The total number of tourists climbed in July for the first time in over 14 months, up 2.6 per cent from the same period last year, according to the latest figures from the Hong Kong Tourism Board (HKTB).
“This was mainly due to the arrival of more mainland tourists,” said Anne Ling, an analyst for Deutsche Bank. According to the statistics, the mainland tourist arrivals were up 2.2 per cent.
Mainlanders are so crucial to Hong Kong’s tourism and retail sectors, because they account for more than 70 per cent of total visitors to the city.
Experts say the rebound is probably the result of eased tensions between the mainland and Hong Kong, and that people are getting used to China’s visa policy changes last year, which tightened restrictions on mainlanders’ entering Hong Kong.
Officials from the HKTB now expect tourist arrivals to continue to improve in the second half and forecast arrivals may only drop 1.8 per cent for the whole of 2016, against the 10.7 per cent decline in 2015.
However, despite the rise in mainlanders, worryingly the amount they are spending has dropped.
Per capital spending by all overnight tourists to Hong Kong dropped 14.6 per cent to HK$6,492 in the first half of the year.
But spending by per capita by Chinese overnight tourists slid 15.8 per cent to HK$7,105, down 21 per cent from its peak of HK$9,000 two years ago.
Moreover, analysts see an marked change in the spending patterns of wealthy Chinese tourists, particularly.
“The rising Chinese middle classes are shifting to a new consumption pattern on overseas trips, and are now tending to spend more on a better travel experience, and less on buying luxury watches and jewellery, ” said Gao Jian, an analyst for Northeast Securities.
According to a recent survey jointly released by China Tourism Academy and Chinese online travel agency CTrip.com, more than half of all outbound Chinese tourists who booked trips through the website paid for premium travel packages, which included accommodation at four-star to five-star hotels. They dined in good restaurants with a local favour, and travelled in relatively spacious and upmarket tour group vehicles.
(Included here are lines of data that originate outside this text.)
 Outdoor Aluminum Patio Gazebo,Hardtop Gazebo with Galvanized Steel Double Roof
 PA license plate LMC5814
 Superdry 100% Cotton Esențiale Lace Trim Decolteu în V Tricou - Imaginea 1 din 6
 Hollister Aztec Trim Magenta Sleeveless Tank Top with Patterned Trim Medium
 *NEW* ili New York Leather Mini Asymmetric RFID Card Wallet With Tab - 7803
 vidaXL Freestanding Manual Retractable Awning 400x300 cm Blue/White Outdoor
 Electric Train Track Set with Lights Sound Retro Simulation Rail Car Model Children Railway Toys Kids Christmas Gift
In particular, the study showed 80 per cent of the mainlanders travelling to Hong Kong in the first half of the year said they were doing so for “sightseeing” or “taking a vacation”, and only 20 per cent said they were going for “shopping”.
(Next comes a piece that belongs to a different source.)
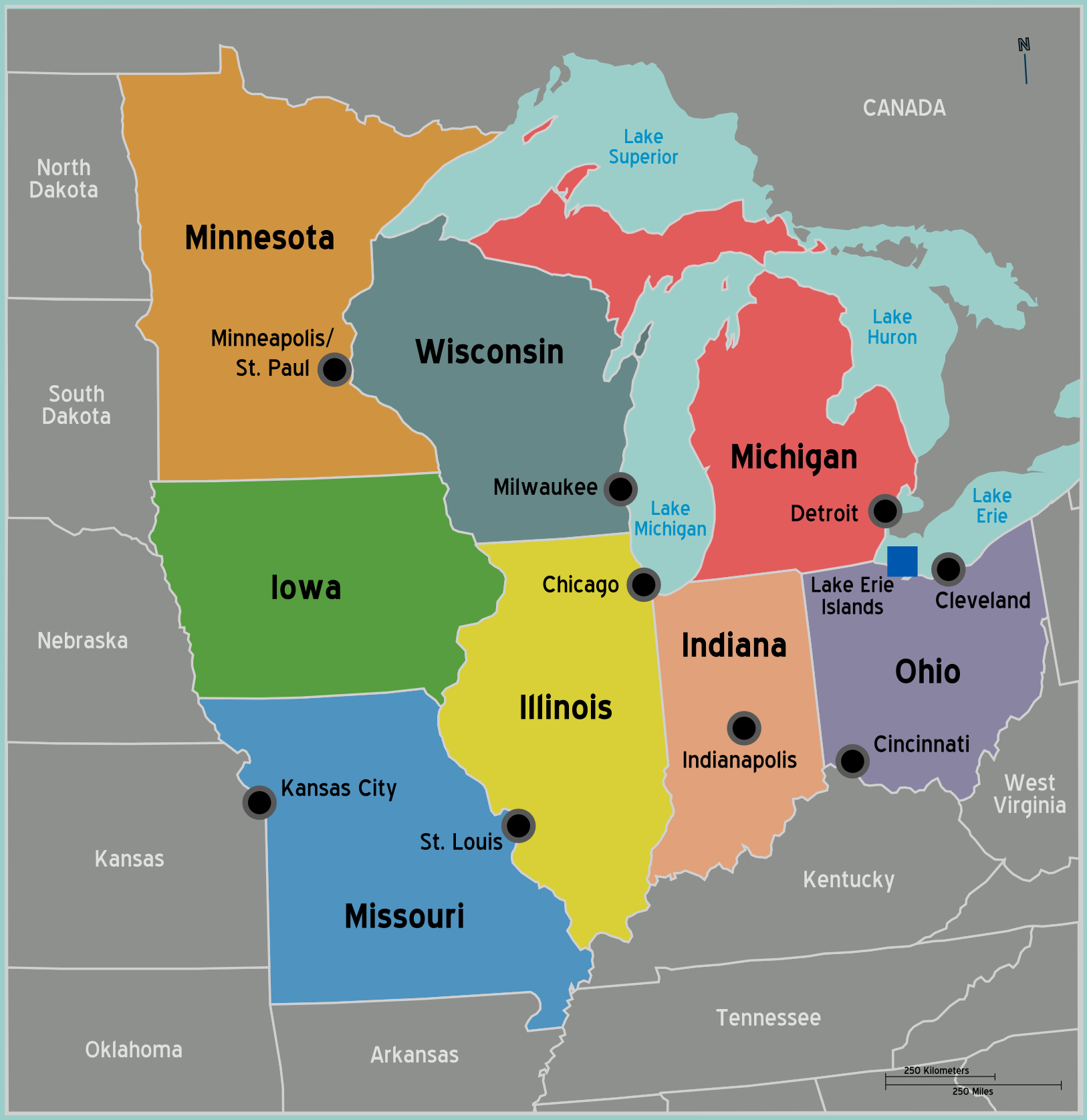 Midwest – Travel Guide At Wikivoyage intended for Map of Midwest USA with Cities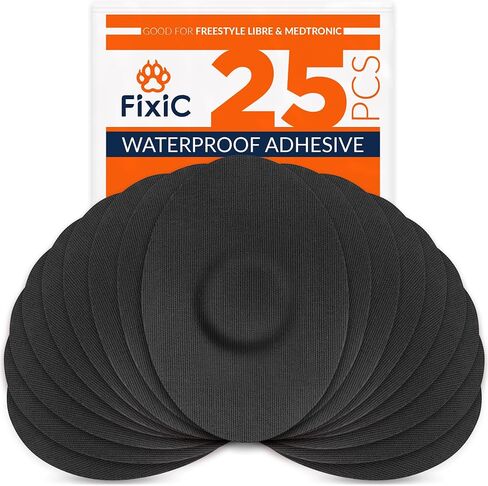 FixiC Freestyle Adhesive Patches 25 PCS – Good for Libre 1, 2, 3 & Plus – G7 & Stelo – Guardian – Waterproof Adhesive Patches – Libre Adhesive Covers – Pre-Cut – Best Fixation for Your Sensor! (Tan) in Kuwait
“Mainland tourists are returning, but they only buying daily necessities like cosmetics and not high-end products,” said Ling from Deutsche Bank.
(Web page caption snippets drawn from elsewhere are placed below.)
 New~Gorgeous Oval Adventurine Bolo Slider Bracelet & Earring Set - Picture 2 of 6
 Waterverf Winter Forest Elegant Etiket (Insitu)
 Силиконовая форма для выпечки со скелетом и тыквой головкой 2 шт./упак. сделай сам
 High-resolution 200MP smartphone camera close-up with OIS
She said the change is likely to have a knock-on effect on the performances of Hong Kong retailers, with jewellery brands continuing to suffer, and cosmetics brands likely to benefit.
But the evidence is already starting to emerge.
Last month, jewellery firm Chow Tai Fook said its same-store sales in Hong Kong and Macau declined 20 per cent year-on-year during the April-to-June period.
It expects sales to continue to drop in the second half, and now plans to shut as many as eight stores by the end of the year.
Lifestyle International, the operator of high-end department store Sogo, also reported earlier this week that its half-year results had missed market expectations. Net profit slumped 50 per cent to 587 million yuan in the period, and revenues from the flagship Sogo department store fell 9.5 per cent.
Cosmetics brand Sa Sa, however, has just reported its revenues improved from April to June, which it attributed directly to more mainland tourist arrivals.
Its same-store sales in Hong Kong and Macau still saw a 4.8 per cent fall in sales, but that was a marked narrowing from the 17.6 per cent slide in the last fiscal quarter.
Analysts from JP Morgan said in a recent research note that the total number of retail transactions rose 0.6 per cent year-on-year, April to June, the first increase in a year, which it also said had been “driven by traffic growth from mainland Chinese customers”.
In another recent note, Deutsche Bank interestingly gave “Buy” ratings to two Hong Kong companies inextricably linked to the tourist industry: fast-food restaurant chain Cafe de Coral, and the affordable apparel retailer, Giordano.
Further evidence, that thrift and practicality are taking over from luxury when it comes to the spending habits of the city’s vital mainland visitors.